Solar and small scale power buffering could easily be decentralized for the publics overall power need, including charging and utilizing cars as buffers. A private person isn't "the base load"... but we all pay for "the base load".
Base load err... educate yourself nuclear boy.
Apart from that: Your arguments didn't change, they are still wrong, that's why "we" stopped listening. You reproduce Industry talking points without checking. (e.g. "bAsE loAD") like an angry little LLM.
Who needs the power needs to pay for it. Including the waste. I don't see why I should clean up Google's micro nuclear waste.
This reply is both unintelligible, and unhinged. You also seem to be berating someone for not knowing what baseload is, while simultaneously showing (I think, it’s hard to tell honestly) that you have no idea what it means.
I don't berate. He is right, but again I don't see how the containment of nuclear waste, Google is producing for LLM training for their profits, should be a public concern. Even on a global scale, "base load" is the continuous need of power .... so mostly industries.

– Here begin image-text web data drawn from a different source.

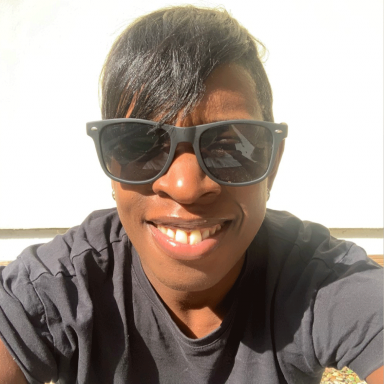 Woman wearing black t-shirt and sunglasses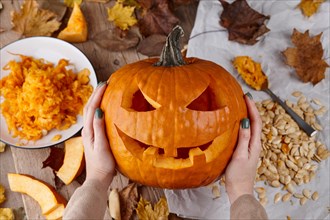 Making scary pumpkin jack for Halloween, holiday preparation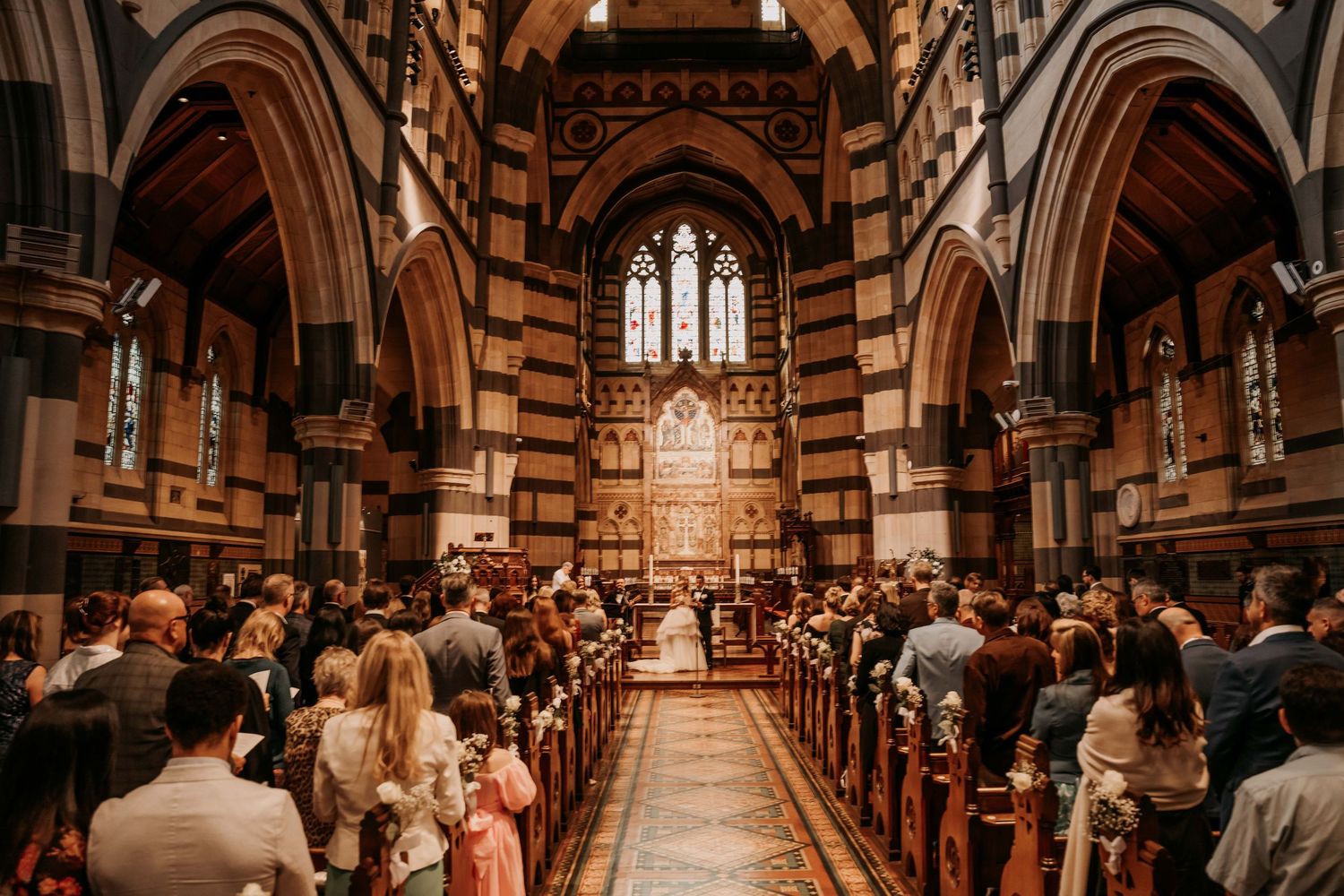 Guests gather inside a grand Gothic church with vaulted ceilings and wooden pews during a wedding ceremony.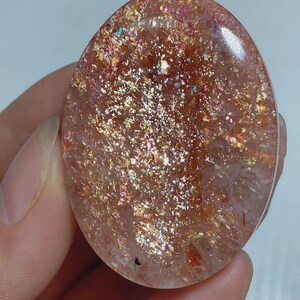 Puede incluir: Un cabujón de piedra de sol de forma ovalada con una base translúcida en tonos melocotón, lleno de densas inclusiones metálicas brillantes de color cobre y oro que crean un efecto reflectante y centelleante en toda la superficie pulida.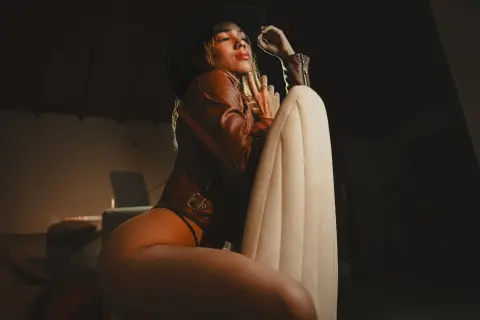 Stylish woman in a brown leather jacket and black hat posing moody in a dimly lit room.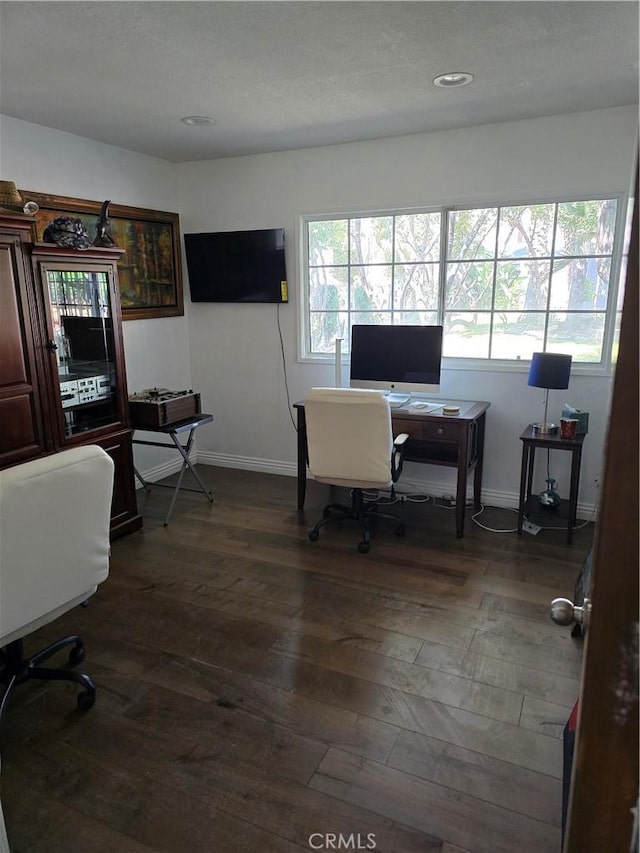 home office featuring baseboards, dark wood-style flooring, and recessed lighting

You don't need Nuclear Power Plants to run street lights and Hospitals, you need them to run steel mills and manufacturing plants.
My point is exactly: Why should the industrial need for reliable power be priced on our bill without a fair share on the profits for society? And this isn't even touching the impossibility of putting a price tag on something that has to be stored for 1000ns of years.
Unhinged? I just replied in the same tone. He didn't even reply to any of my points. Come clear, what's your point?